» **LISTED RECORDS**
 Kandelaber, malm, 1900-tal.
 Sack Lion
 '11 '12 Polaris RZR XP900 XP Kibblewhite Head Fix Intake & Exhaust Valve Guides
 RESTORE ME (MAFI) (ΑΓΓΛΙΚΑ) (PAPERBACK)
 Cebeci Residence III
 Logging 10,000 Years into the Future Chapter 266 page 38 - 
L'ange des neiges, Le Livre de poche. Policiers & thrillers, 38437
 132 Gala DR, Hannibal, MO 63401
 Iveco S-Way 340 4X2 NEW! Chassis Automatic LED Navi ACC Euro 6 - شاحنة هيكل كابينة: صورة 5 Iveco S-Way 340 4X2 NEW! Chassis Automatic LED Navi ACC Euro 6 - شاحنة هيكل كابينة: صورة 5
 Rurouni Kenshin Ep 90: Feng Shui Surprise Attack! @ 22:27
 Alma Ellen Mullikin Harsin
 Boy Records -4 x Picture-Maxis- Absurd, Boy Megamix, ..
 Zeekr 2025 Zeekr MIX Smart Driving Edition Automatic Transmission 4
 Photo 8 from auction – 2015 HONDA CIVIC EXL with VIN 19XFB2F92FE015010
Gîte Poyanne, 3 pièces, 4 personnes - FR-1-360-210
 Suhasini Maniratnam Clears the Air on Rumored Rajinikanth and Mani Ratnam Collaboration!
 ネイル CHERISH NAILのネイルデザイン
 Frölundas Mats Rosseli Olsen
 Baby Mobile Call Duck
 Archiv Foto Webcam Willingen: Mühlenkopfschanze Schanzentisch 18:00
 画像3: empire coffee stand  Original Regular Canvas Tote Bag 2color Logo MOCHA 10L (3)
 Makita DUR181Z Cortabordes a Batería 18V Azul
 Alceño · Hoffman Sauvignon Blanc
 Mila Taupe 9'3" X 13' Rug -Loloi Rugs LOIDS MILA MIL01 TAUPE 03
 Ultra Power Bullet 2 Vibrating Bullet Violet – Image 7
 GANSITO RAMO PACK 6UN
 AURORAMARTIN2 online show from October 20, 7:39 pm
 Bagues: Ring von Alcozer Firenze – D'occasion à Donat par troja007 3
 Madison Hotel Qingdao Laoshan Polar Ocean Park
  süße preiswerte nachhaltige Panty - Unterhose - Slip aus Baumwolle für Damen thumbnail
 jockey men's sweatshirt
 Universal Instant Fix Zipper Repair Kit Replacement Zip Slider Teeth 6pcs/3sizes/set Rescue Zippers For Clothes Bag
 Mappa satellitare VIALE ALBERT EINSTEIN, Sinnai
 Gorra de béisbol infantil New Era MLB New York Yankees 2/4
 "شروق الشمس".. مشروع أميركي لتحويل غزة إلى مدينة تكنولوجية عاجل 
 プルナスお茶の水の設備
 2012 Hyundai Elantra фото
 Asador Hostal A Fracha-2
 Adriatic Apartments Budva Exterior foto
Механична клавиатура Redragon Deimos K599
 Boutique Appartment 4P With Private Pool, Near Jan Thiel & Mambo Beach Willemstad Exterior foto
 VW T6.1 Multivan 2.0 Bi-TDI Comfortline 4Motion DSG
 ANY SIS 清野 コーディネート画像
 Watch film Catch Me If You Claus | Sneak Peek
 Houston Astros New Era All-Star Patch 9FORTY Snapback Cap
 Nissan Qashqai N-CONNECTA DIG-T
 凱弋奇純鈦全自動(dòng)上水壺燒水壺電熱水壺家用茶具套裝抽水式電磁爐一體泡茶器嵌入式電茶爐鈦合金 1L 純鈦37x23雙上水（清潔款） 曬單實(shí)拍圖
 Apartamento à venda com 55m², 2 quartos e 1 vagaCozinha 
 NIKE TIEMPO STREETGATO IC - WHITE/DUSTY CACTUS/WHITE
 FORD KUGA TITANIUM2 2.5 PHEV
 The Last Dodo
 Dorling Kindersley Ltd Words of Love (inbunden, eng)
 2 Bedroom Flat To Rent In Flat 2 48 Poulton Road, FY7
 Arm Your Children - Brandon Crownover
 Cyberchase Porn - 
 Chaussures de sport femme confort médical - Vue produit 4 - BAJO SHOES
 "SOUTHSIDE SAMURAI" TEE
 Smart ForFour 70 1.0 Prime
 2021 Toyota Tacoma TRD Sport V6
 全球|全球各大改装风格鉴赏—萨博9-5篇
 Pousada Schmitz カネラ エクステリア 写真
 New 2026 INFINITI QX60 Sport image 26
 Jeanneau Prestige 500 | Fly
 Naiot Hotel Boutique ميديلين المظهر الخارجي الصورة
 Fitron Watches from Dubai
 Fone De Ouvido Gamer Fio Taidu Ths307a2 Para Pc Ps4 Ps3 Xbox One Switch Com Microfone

» **WHAT YOU SHOULD DO**
Set down every line of the listing again, exactly.

» **ANSWER BELOW**
 Kandelaber, malm, 1900-tal.
 Sack Lion
 '11 '12 Polaris RZR XP900 XP Kibblewhite Head Fix Intake & Exhaust Valve Guides
 RESTORE ME (MAFI) (ΑΓΓΛΙΚΑ) (PAPERBACK)
 Cebeci Residence III
 Logging 10,000 Years into the Future Chapter 266 page 38 - 
L'ange des neiges, Le Livre de poche. Policiers & thrillers, 38437
 132 Gala DR, Hannibal, MO 63401
 Iveco S-Way 340 4X2 NEW! Chassis Automatic LED Navi ACC Euro 6 - شاحنة هيكل كابينة: صورة 5 Iveco S-Way 340 4X2 NEW! Chassis Automatic LED Navi ACC Euro 6 - شاحنة هيكل كابينة: صورة 5
 Rurouni Kenshin Ep 90: Feng Shui Surprise Attack! @ 22:27
 Alma Ellen Mullikin Harsin
 Boy Records -4 x Picture-Maxis- Absurd, Boy Megamix, ..
 Zeekr 2025 Zeekr MIX Smart Driving Edition Automatic Transmission 4
 Photo 8 from auction – 2015 HONDA CIVIC EXL with VIN 19XFB2F92FE015010
Gîte Poyanne, 3 pièces, 4 personnes - FR-1-360-210
 Suhasini Maniratnam Clears the Air on Rumored Rajinikanth and Mani Ratnam Collaboration!
 ネイル CHERISH NAILのネイルデザイン
 Frölundas Mats Rosseli Olsen
 Baby Mobile Call Duck
 Archiv Foto Webcam Willingen: Mühlenkopfschanze Schanzentisch 18:00
 画像3: empire coffee stand  Original Regular Canvas Tote Bag 2color Logo MOCHA 10L (3)
 Makita DUR181Z Cortabordes a Batería 18V Azul
 Alceño · Hoffman Sauvignon Blanc
 Mila Taupe 9'3" X 13' Rug -Loloi Rugs LOIDS MILA MIL01 TAUPE 03
 Ultra Power Bullet 2 Vibrating Bullet Violet – Image 7
 GANSITO RAMO PACK 6UN
 AURORAMARTIN2 online show from October 20, 7:39 pm
 Bagues: Ring von Alcozer Firenze – D'occasion à Donat par troja007 3
 Madison Hotel Qingdao Laoshan Polar Ocean Park
  süße preiswerte nachhaltige Panty - Unterhose - Slip aus Baumwolle für Damen thumbnail
 jockey men's sweatshirt
 Universal Instant Fix Zipper Repair Kit Replacement Zip Slider Teeth 6pcs/3sizes/set Rescue Zippers For Clothes Bag
 Mappa satellitare VIALE ALBERT EINSTEIN, Sinnai
 Gorra de béisbol infantil New Era MLB New York Yankees 2/4
 "شروق الشمس".. مشروع أميركي لتحويل غزة إلى مدينة تكنولوجية عاجل 
 プルナスお茶の水の設備
 2012 Hyundai Elantra фото
 Asador Hostal A Fracha-2
 Adriatic Apartments Budva Exterior foto
Механична клавиатура Redragon Deimos K599
 Boutique Appartment 4P With Private Pool, Near Jan Thiel & Mambo Beach Willemstad Exterior foto
 VW T6.1 Multivan 2.0 Bi-TDI Comfortline 4Motion DSG
 ANY SIS 清野 コーディネート画像
 Watch film Catch Me If You Claus | Sneak Peek
 Houston Astros New Era All-Star Patch 9FORTY Snapback Cap
 Nissan Qashqai N-CONNECTA DIG-T
 凱弋奇純鈦全自動(dòng)上水壺燒水壺電熱水壺家用茶具套裝抽水式電磁爐一體泡茶器嵌入式電茶爐鈦合金 1L 純鈦37x23雙上水（清潔款） 曬單實(shí)拍圖
 Apartamento à venda com 55m², 2 quartos e 1 vagaCozinha 
 NIKE TIEMPO STREETGATO IC - WHITE/DUSTY CACTUS/WHITE
 FORD KUGA TITANIUM2 2.5 PHEV
 The Last Dodo
 Dorling Kindersley Ltd Words of Love (inbunden, eng)
 2 Bedroom Flat To Rent In Flat 2 48 Poulton Road, FY7
 Arm Your Children - Brandon Crownover
 Cyberchase Porn - 
 Chaussures de sport femme confort médical - Vue produit 4 - BAJO SHOES
 "SOUTHSIDE SAMURAI" TEE
 Smart ForFour 70 1.0 Prime
 2021 Toyota Tacoma TRD Sport V6
 全球|全球各大改装风格鉴赏—萨博9-5篇
 Pousada Schmitz カネラ エクステリア 写真
 New 2026 INFINITI QX60 Sport image 26
 Jeanneau Prestige 500 | Fly
 Naiot Hotel Boutique ميديلين المظهر الخارجي الصورة
 Fitron Watches from Dubai
 Fone De Ouvido Gamer Fio Taidu Ths307a2 Para Pc Ps4 Ps3 Xbox One Switch Com Microfone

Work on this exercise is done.